ARM Recovery Act Project FAQs

  1. Why is ARM buying new instruments and equipment?
    The ARM Climate Research Facility (ARM) is receiving $60 million dollars in Recovery Act funding from the U.S. Department of Energy Office of Science to build the next generation facility for climate change research. Using input from past ARM user workshops and ARM working group discussion, ARM has planned for the purchase and deployment of an expansive array of new instruments and equipment to improve the capabilities of the facility and provide a 3D capability. To support new instrumentation and 3D capability, ARM also is investing in the infrastructure necessary to support the increased data volumes and distribution requirements.
  2. What types of instruments and equipment will be purchased with the Recovery Act funds?
    The ARM Climate Research Facility is planning to purchase scanning precipitation and scanning cloud radars, wind profilers, lidars (high-spectral resolution, micropulse, Doppler, and Raman), surface flux and aerosol instrumentation, microwave radiometers, and infrared and solar spectrometers. Aircraft instrumentation for clouds and aerosols will be added to ARM's capabilities. Equipment for a mobile aerosol system for the mobile facility also will be purchased. The ARM Data Archive and site data systems will invest in their infrastructure to support the new data requirements that will result from the purchase of the new instrumentation.
  3. How many instruments will be purchased?
    A total of 143 instruments is currently in the acquisition plan. The purchase will include scanning precipitation and scanning cloud radars, wind profilers, lidars (high-spectral resolution, micropulse, Doppler, and Raman), surface flux and aerosol instrumentation, microwave radiometers, and infrared and solar spectrometers, aircraft instrumentation for clouds and aerosols, and a mobile aerosol system.
  4. What is the process for buying new instruments with the Recovery Act funds?
    The purchase of instruments and equipment will follow the contracting and request for proposals process administered by the Pacific Northwest National Laboratory, who is managing the overall Recovery Act effort for ARM.
  5. Where will the instruments be deployed?
    Instruments will be purchased for all the ARM sites including both mobile facilities and the aerial facility. Some instruments will be purchased to support all of the ARM sites and be deployed as needed.
  6. How many new instruments per site?
    Each site will be acquiring some new equipment.
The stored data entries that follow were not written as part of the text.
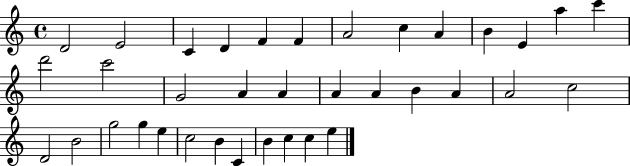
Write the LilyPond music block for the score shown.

{
  \clef treble
  \time 4/4
  \defaultTimeSignature
  \key c \major
  d'2 e'2 | c'4 d'4 f'4 f'4 | a'2 c''4 a'4 | b'4 e'4 a''4 c'''4 | \break d'''2 c'''2 | g'2 a'4 a'4 | a'4 a'4 b'4 a'4 | a'2 c''2 | \break d'2 b'2 | g''2 g''4 e''4 | c''2 b'4 c'4 | b'4 c''4 c''4 e''4 | \break \bar "|."
}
The number of instruments per site will vary based on needs of the site and existing instrumentation. New equipment totals for each site are approximately as follows: 10 for the North Slope of Alaska, 11 for the Southern Great Plains, 21 for the ARM Aerial Facility, 24 for the Tropical West Pacific, 38 for the mobile facilities. The remaining instruments (about 40) will be purchased for use throughout the facility and deployed as needed.
  7. When will the new instruments be deployed?
    Instruments and equipment will be purchased over the next 18 months (i.e., March 2009 to September 2010). Some instruments will be deployed as early as the end of fiscal year 2010. Documentation for the instruments will be added when data are delivered to the ARM Data Archive.
  8. When will the data be available?
    Data from new instrumentation will be available in the ARM Data Archive once the quality of the data has been confirmed. This process usually takes one month after the instruments are deployed and the ingests have been developed. Look for the data in the Archive beginning in fiscal year 2011. Announcements of data availability will be provided in the ARM News Center; be sure to subscribe to the News Center RSS feed.
  9. How can I learn more about Recovery Act funding?
    For more information about the Recovery Act funding, see For questions about ARM's Recovery Act plan, contact Jimmy Voyles, ARM's Recovery Act Project Manager, at .

Public Q&A

If you have a question about our Recovery Act efforts, send it to Jimmy Voyles, ARM's Recovery Act Project Manager, at . We'll post the question and answer here.

  • Question: What will the ARRA-purchased equipment enable you to measure that you cannot measure today? (July 22, 2009)
    Answer: The Recovery Act equipment will allow all of our permanent, mobile, and aerial research sites to measure the detailed (sub grid-scale) 3-dimensional structure of cloud microphysics and precipitation. Also, we are adding an array of ground based and aerial instrumentation to sample and analyze aerosol size distribution, concentration, composition, and chemistry. This combination of instrumentation and the associated data products will provide research insights into the 3-dimensional formation and life cycle of clouds, including the aerosol direct effect, indirect effect, and chemical aging. This information will improve our physical understanding of clouds and aerosols and the predictive performance of climate models.
  • Question: What purpose does this "Multi-frequency" radar serve? Is it a weather radar for tracking thunderstorms or? (May 20, 2009)
    Answer: These radars operate at frequencies higher than normal weather radars so that we can get more detailed 3-dimensional measurements of clouds. Understanding clouds and how they affect the radiation balance of the Earth is essential to understanding climate change.